Debugging the Xserver
This minihowto attempts to explain how to debug the X server, particularly in the case where the server crashes. It assumes a basic familiarity with unix and a willingness to risk deadlocking the machine.
Just as a warning, if you try this with a closed-source driver, the output is not likely to be very useful.
You'll really want to have a second machine around. It's very difficult to debug the X server from within itself; when it stops and returns control to the debugger, you won't be able to send events to the xterm running your debugger. ssh is your friend here. If you don't have a second machine, see the Debugging with one machine section, and good luck.
Your gdb needs to be reasonably recent, 5.3 or better is probably good.
And of course, you'll need a reproduceable way of crashing the X server, but if you've read this far you've probably got that already. This is your testcase.
If you're debugging with a modern distribution, then they probably already have 'debuginfo' packages available. These packages (usually quite large) include the debugging symbols for the software you have installed, which makes tools like gdb much more useful. Refer to your distro's documentation for details on how to install these. You'll probably want at least the debuginfo for the X server itself, and for the video driver you're using. For example, on a Fedora machine, you'd say:
debuginfo-install xorg-x11-server-Xorg xorg-x11-drv-ati
On Debian or Ubuntu you'd say
apt-get install xserver-xorg-core-dbg xserver-xorg-video-ati-dbg
Otherwise, if you're building X yourself, you'll need to have built X with debugging information. To pass compiler flags in at build time, say:
CFLAGS='-O0 -g3' ./configure --prefix=...

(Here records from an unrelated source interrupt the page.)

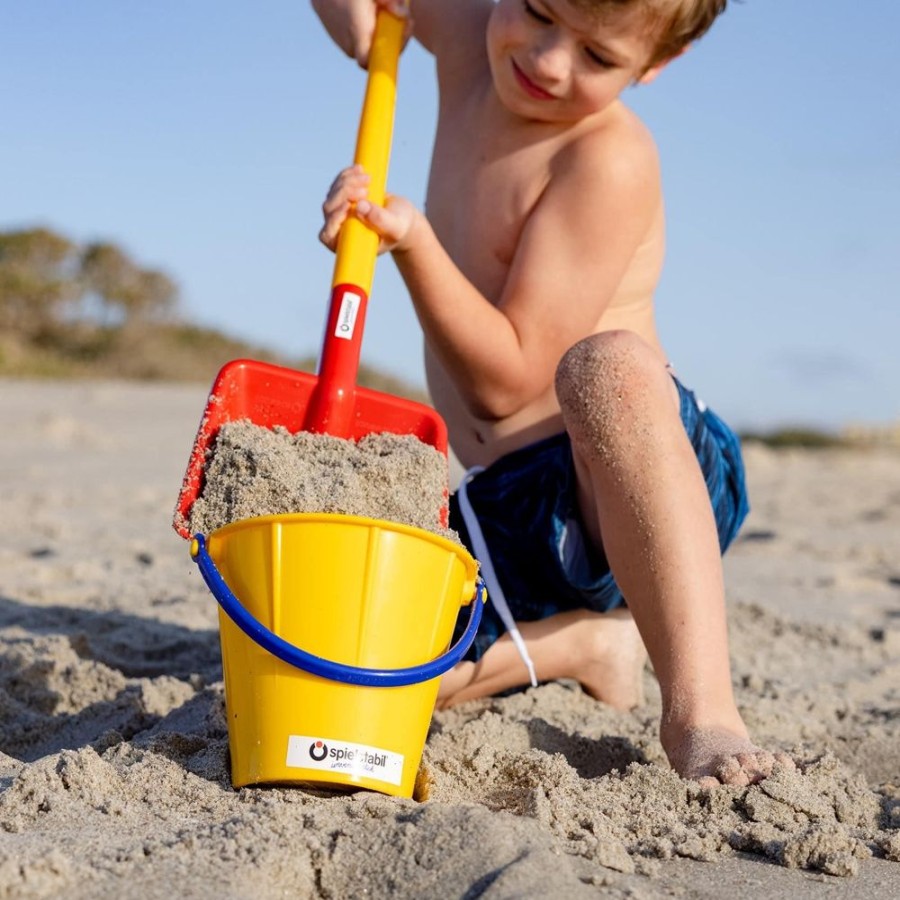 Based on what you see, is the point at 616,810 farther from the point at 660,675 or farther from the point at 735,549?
the point at 735,549

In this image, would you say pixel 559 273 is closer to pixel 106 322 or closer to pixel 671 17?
pixel 671 17

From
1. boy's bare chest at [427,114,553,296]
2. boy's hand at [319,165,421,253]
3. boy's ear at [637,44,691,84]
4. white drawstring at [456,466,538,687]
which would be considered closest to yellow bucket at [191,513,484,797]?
boy's hand at [319,165,421,253]

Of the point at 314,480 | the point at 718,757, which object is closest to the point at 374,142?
the point at 314,480

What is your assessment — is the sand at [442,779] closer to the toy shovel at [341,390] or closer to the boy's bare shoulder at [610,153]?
the toy shovel at [341,390]

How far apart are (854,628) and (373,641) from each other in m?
1.85

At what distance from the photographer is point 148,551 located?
344cm

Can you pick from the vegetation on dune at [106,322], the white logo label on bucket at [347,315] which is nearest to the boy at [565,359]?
the white logo label on bucket at [347,315]

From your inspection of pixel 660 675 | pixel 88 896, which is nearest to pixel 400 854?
pixel 88 896

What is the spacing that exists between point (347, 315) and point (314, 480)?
346mm

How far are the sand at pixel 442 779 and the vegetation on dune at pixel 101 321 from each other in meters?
7.36

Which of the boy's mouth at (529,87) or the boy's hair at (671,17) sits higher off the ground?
the boy's hair at (671,17)

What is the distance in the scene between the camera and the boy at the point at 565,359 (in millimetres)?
1729

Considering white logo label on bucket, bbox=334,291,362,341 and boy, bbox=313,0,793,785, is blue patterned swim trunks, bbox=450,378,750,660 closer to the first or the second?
boy, bbox=313,0,793,785

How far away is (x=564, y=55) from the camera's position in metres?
2.02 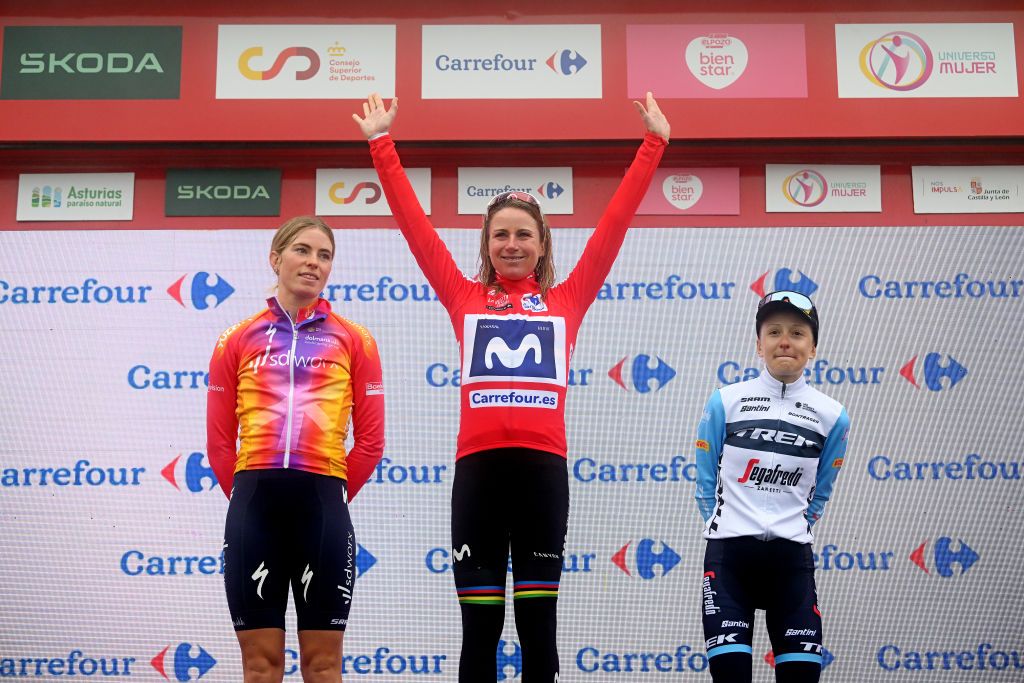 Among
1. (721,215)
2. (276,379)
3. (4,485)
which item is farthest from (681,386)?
(4,485)

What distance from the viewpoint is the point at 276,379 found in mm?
2729

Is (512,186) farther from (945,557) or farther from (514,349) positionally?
(945,557)

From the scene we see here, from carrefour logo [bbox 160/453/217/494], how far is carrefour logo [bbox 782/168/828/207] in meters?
2.80

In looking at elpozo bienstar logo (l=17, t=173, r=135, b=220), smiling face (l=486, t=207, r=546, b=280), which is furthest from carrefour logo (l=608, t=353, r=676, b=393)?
elpozo bienstar logo (l=17, t=173, r=135, b=220)

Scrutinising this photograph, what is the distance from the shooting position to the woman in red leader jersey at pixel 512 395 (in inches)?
101

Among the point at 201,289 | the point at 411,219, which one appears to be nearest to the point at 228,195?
the point at 201,289

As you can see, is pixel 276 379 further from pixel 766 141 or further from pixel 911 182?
pixel 911 182

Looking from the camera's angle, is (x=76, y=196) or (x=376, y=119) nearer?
(x=376, y=119)

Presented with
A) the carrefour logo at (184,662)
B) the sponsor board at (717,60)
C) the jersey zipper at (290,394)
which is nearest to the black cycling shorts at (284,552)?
the jersey zipper at (290,394)

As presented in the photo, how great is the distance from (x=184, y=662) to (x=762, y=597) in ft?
8.38

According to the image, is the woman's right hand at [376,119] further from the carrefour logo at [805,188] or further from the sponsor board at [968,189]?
the sponsor board at [968,189]

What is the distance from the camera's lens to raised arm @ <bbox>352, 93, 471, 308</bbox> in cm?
284

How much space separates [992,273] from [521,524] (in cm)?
287

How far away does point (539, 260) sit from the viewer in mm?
2918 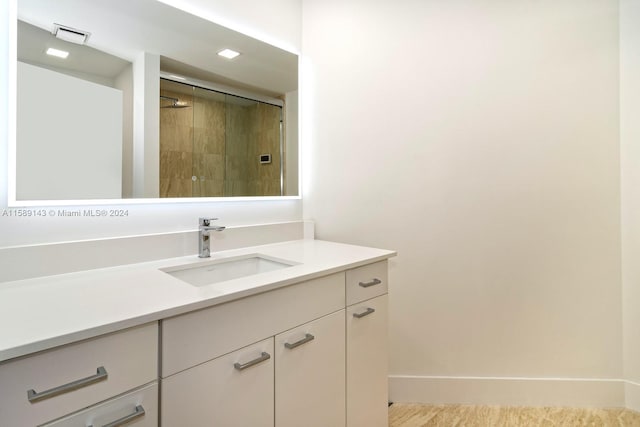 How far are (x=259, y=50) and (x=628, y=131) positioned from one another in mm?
2022

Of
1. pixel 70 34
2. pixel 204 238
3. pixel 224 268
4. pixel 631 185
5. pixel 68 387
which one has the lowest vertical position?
pixel 68 387

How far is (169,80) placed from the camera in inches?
61.2

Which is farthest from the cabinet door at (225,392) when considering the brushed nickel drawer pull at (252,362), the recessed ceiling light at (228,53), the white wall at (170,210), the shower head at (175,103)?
the recessed ceiling light at (228,53)

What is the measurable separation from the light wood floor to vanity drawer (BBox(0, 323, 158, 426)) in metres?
1.49

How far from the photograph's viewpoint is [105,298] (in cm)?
96

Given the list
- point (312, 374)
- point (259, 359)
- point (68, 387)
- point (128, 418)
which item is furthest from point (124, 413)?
point (312, 374)

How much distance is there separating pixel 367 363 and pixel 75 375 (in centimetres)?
108

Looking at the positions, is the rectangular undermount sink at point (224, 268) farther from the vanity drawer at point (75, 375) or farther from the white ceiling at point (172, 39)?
the white ceiling at point (172, 39)

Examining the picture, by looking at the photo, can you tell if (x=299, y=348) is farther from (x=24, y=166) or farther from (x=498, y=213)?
(x=498, y=213)

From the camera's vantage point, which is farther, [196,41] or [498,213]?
[498,213]

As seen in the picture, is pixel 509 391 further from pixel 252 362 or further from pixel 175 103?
pixel 175 103

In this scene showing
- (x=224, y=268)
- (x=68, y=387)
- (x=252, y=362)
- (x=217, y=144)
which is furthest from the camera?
(x=217, y=144)

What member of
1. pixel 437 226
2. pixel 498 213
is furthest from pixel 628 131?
pixel 437 226

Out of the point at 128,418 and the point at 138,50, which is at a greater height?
the point at 138,50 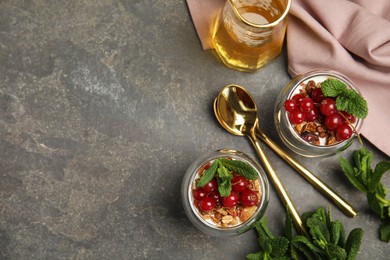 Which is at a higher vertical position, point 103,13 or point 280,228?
point 103,13

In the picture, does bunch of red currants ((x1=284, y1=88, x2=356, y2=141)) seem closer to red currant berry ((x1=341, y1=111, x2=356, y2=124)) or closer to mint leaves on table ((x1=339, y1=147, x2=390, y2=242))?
red currant berry ((x1=341, y1=111, x2=356, y2=124))

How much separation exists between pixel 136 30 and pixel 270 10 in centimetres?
32

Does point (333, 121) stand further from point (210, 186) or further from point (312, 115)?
point (210, 186)

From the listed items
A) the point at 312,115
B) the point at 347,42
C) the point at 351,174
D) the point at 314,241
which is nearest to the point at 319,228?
the point at 314,241

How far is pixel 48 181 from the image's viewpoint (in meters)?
1.26

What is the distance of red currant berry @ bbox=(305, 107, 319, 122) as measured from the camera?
4.01 feet

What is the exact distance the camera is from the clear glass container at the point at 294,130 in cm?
125

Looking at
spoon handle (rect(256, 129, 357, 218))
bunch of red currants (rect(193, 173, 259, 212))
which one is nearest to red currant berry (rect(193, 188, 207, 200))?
bunch of red currants (rect(193, 173, 259, 212))

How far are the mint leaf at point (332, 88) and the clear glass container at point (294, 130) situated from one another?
63 mm

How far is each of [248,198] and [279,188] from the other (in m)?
0.15

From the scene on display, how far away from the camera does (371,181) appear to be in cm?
126

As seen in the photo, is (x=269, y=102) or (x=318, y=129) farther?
(x=269, y=102)

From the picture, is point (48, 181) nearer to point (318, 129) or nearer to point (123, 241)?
point (123, 241)

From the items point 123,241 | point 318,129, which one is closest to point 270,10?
point 318,129
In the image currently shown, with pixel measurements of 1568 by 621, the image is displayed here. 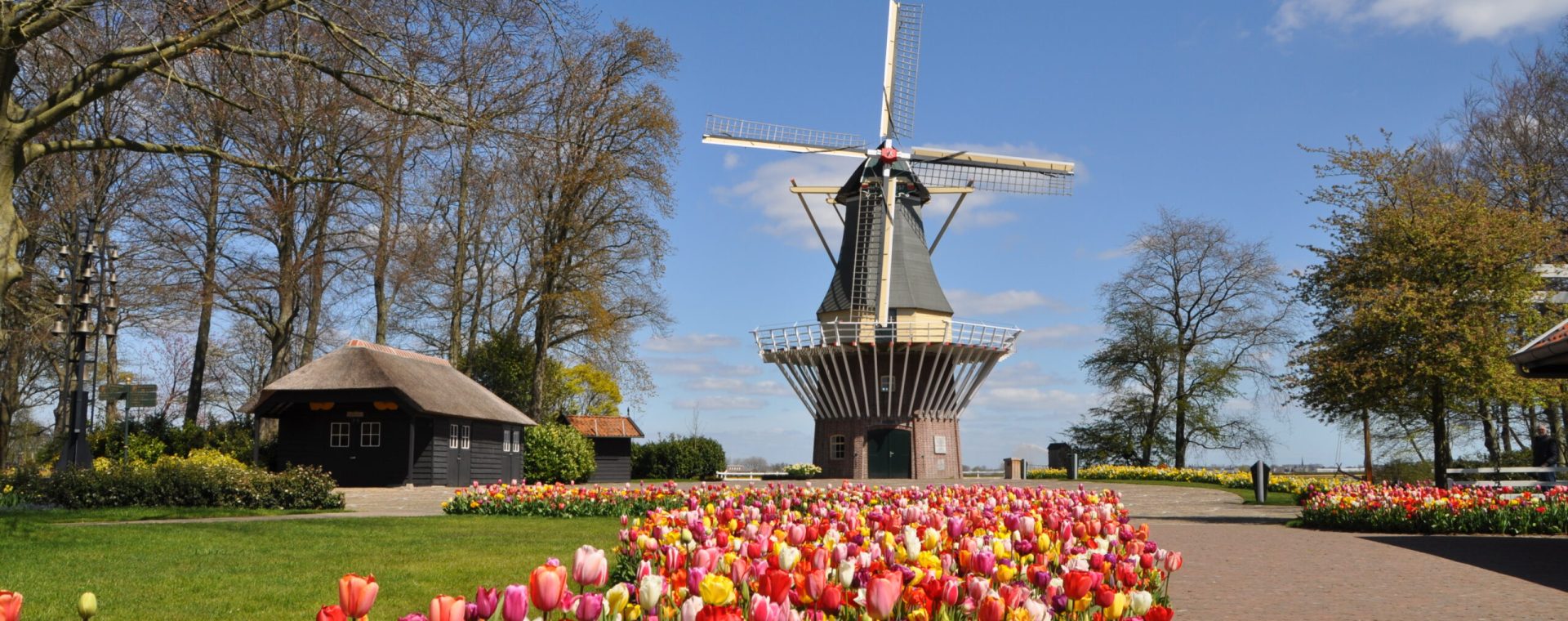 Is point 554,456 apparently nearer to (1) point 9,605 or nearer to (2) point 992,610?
(2) point 992,610

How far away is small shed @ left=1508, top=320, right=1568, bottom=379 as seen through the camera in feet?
43.6

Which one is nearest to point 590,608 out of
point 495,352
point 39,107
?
point 39,107

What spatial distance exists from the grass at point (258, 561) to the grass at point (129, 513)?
148 cm

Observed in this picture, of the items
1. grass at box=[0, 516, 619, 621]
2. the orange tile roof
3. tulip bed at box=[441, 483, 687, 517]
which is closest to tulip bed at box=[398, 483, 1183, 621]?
grass at box=[0, 516, 619, 621]

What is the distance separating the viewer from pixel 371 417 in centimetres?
3036

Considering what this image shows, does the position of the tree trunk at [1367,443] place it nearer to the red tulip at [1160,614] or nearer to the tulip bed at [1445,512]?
the tulip bed at [1445,512]

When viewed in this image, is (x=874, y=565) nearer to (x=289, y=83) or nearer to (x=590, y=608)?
(x=590, y=608)

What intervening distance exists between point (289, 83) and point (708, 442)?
2085cm

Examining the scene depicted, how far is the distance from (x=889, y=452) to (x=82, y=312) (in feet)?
75.6

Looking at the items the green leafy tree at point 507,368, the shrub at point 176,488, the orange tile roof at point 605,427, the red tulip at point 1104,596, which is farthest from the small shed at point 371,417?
the red tulip at point 1104,596

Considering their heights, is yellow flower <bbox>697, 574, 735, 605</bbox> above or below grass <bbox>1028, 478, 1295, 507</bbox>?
above

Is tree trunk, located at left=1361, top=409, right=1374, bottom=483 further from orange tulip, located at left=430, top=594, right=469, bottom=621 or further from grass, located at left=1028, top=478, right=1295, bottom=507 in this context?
orange tulip, located at left=430, top=594, right=469, bottom=621

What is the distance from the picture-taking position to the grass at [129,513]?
16422mm

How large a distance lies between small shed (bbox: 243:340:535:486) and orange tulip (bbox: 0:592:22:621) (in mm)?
26401
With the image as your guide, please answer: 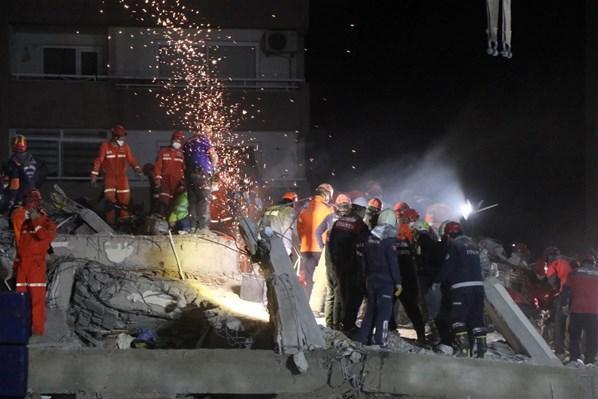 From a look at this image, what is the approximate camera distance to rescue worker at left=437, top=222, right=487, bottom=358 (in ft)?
42.0

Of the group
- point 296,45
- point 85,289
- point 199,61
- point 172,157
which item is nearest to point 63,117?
point 199,61

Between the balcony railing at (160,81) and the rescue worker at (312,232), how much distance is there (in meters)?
10.2

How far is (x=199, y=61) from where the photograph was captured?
24344mm

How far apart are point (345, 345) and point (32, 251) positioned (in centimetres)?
423

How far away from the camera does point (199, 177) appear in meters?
15.4

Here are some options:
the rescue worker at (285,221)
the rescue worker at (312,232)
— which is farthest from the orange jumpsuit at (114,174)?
the rescue worker at (312,232)

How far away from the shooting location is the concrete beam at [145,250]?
15406mm

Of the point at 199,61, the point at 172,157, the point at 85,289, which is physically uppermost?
the point at 199,61

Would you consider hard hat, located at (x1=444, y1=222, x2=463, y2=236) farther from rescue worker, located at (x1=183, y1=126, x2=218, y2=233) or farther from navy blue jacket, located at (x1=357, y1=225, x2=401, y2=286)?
rescue worker, located at (x1=183, y1=126, x2=218, y2=233)

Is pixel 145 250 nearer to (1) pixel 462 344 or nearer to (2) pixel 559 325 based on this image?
(1) pixel 462 344

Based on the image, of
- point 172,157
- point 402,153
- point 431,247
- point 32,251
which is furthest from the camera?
point 402,153

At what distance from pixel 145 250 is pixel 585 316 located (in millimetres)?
6944

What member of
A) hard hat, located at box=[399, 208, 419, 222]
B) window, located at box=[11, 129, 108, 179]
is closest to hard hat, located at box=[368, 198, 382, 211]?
hard hat, located at box=[399, 208, 419, 222]

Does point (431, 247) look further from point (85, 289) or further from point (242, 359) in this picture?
point (85, 289) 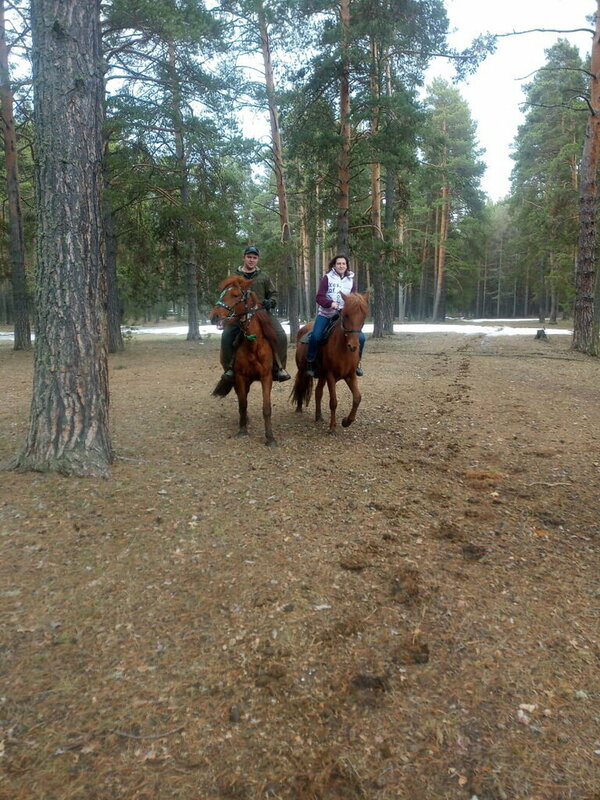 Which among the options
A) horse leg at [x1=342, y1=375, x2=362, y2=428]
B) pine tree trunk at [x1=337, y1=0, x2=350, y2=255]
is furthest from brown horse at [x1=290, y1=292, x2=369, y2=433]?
pine tree trunk at [x1=337, y1=0, x2=350, y2=255]

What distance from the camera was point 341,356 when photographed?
7.11m

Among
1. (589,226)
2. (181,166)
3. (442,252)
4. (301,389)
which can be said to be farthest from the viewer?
(442,252)

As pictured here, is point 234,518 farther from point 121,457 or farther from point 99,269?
point 99,269

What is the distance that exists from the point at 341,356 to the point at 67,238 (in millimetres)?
3828

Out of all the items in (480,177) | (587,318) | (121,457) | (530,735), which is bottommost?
(530,735)

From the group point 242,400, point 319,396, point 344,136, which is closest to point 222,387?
point 242,400

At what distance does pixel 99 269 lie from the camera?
4.91 metres

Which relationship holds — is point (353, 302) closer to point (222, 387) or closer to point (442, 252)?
point (222, 387)

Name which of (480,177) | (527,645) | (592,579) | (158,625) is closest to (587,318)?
(592,579)

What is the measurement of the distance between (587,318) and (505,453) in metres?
11.9

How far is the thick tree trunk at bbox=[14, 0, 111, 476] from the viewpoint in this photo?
4613 mm

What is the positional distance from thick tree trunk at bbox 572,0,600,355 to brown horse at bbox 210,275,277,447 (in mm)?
12246

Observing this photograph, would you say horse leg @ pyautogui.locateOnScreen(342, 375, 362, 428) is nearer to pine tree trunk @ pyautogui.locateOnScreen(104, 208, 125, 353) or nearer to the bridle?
the bridle

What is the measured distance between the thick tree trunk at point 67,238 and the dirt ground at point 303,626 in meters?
0.53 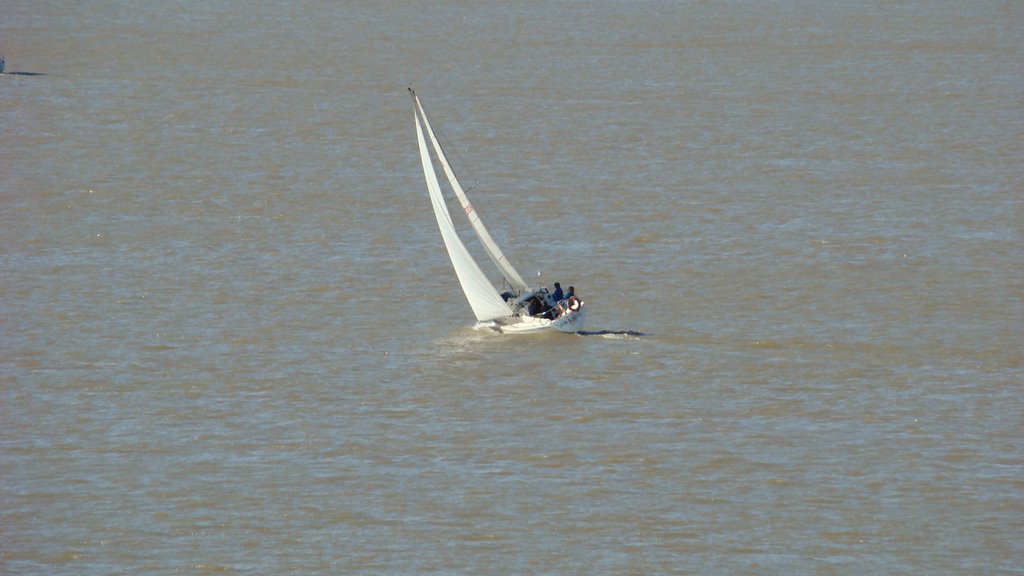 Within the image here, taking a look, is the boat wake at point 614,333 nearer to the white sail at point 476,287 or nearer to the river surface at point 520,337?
the river surface at point 520,337

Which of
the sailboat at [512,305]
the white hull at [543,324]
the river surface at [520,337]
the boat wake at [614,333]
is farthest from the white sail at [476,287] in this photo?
the boat wake at [614,333]

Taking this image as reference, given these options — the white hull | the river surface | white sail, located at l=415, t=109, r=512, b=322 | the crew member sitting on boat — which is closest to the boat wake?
the river surface

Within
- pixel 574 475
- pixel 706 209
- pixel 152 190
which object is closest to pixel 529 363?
pixel 574 475

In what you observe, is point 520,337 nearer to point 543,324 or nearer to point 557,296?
point 543,324

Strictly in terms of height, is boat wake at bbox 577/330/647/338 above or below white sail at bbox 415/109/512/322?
below

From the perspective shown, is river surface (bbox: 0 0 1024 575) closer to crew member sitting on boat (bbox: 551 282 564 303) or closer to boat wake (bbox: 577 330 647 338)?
boat wake (bbox: 577 330 647 338)

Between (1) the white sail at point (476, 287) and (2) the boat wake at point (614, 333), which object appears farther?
(1) the white sail at point (476, 287)

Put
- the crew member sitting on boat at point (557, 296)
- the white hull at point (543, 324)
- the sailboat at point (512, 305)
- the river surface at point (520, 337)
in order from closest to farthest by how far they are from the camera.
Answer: the river surface at point (520, 337) < the white hull at point (543, 324) < the sailboat at point (512, 305) < the crew member sitting on boat at point (557, 296)

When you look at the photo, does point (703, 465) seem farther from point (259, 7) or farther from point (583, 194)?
point (259, 7)

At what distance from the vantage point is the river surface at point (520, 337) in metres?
37.8

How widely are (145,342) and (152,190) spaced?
2268cm

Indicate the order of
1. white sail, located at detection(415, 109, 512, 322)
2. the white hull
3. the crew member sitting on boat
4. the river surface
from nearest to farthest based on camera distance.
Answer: the river surface → the white hull → the crew member sitting on boat → white sail, located at detection(415, 109, 512, 322)

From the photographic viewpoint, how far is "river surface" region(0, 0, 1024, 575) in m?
37.8

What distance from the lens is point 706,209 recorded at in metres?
68.8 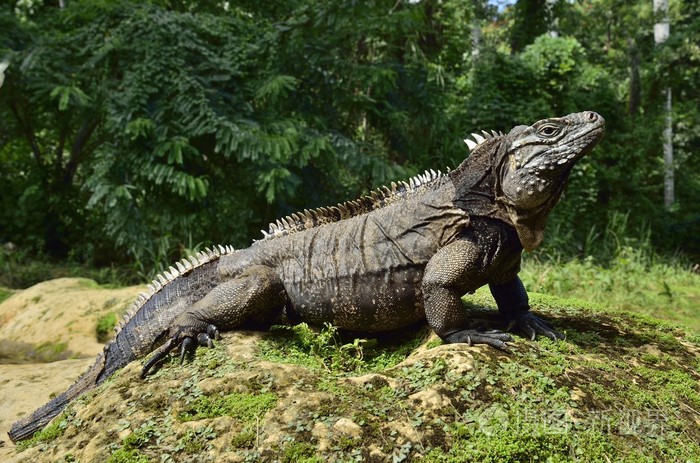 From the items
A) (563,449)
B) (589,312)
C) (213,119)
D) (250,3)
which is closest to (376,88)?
(213,119)

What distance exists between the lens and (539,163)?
137 inches

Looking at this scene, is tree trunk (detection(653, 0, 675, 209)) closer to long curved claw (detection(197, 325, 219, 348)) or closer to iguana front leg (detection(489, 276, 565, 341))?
iguana front leg (detection(489, 276, 565, 341))

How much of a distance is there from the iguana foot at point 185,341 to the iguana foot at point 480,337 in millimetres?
1598

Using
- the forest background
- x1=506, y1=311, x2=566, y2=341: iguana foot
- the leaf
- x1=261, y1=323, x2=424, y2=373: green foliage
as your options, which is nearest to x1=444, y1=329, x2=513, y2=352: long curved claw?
x1=506, y1=311, x2=566, y2=341: iguana foot

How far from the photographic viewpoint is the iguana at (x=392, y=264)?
359 cm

All the normal configure options should work as expected. You may want to put your debuggable server in a different prefix. Be careful of ModulePath and other such path statements in your xorg.conf.
Remember that if you're trying to debug into a driver, you'll want to repeat this step for the driver as well as for the server core.
Start the server normally. Go over to your second machine and ssh into the first one. su root, and type
gdb /opt/xorg-debug/Xorg $(pidof Xorg)
gdb /usr/bin/Xorg $(pidof X)
depending on your setup.
Note that even when running with a ssh, X might cripples the console. You can avoid this by passing this option:
-keeptty don't detach controlling tty (for debugging only)
gdb will attach to the running server and spin for a while reading in symbols from all the drivers. Eventually you'll reach a (gdb) prompt. Notice that the X server has halted; type cont at the gdb prompt to continue executing.
Go back to the machine running X, and run your testcase. This time, instead of the server crashing, it should freeze, and gdb should tell you the server got a signal (usually SIGSEGV), as well as the function and line of code where the problem happened. An example looks like:
Program received signal SIGSEGV, Segmentation fault. 0x403245a3 in fbBlt (srcLine=0xc1a1c180, srcStride=59742, srcX=0, dstLine=0x4240cb6c, dstStride=1152, dstX=0, width=32960, height=764, alu=-1046602744, pm=1111538028, bpp=32, reverse=0, upsidedown=0) at fbblt.c:174 174 *dst++ = FbDoDestInvarientMergeRop(*src++);
This by itself is pretty helpful, but there's more info out there. At the gdb prompt, type bt f for a full stack backtrace. (Warning, this will be long!) This dumps out the full call chain of functions from main() on down, as well as the arguments they were called with and the value of all local variables. Keep hitting enter until you get back to the gdb prompt.
Get your mouse out, copy all the output from "Program received..." on down, and paste it into a file on your second machine. Type detach at the gdb prompt to detach gdb from the server and let it finish crashing. Go to http://bugs.freedesktop.org/ and file a new bug describing the testcase. Attach the gdb output to the bug (please don't just paste it into the comments section).
All the gdb commands you'll ever need
For any gdb command, you can say "help <command>" at the (gdb) prompt to get a (hopefully informative) explanation.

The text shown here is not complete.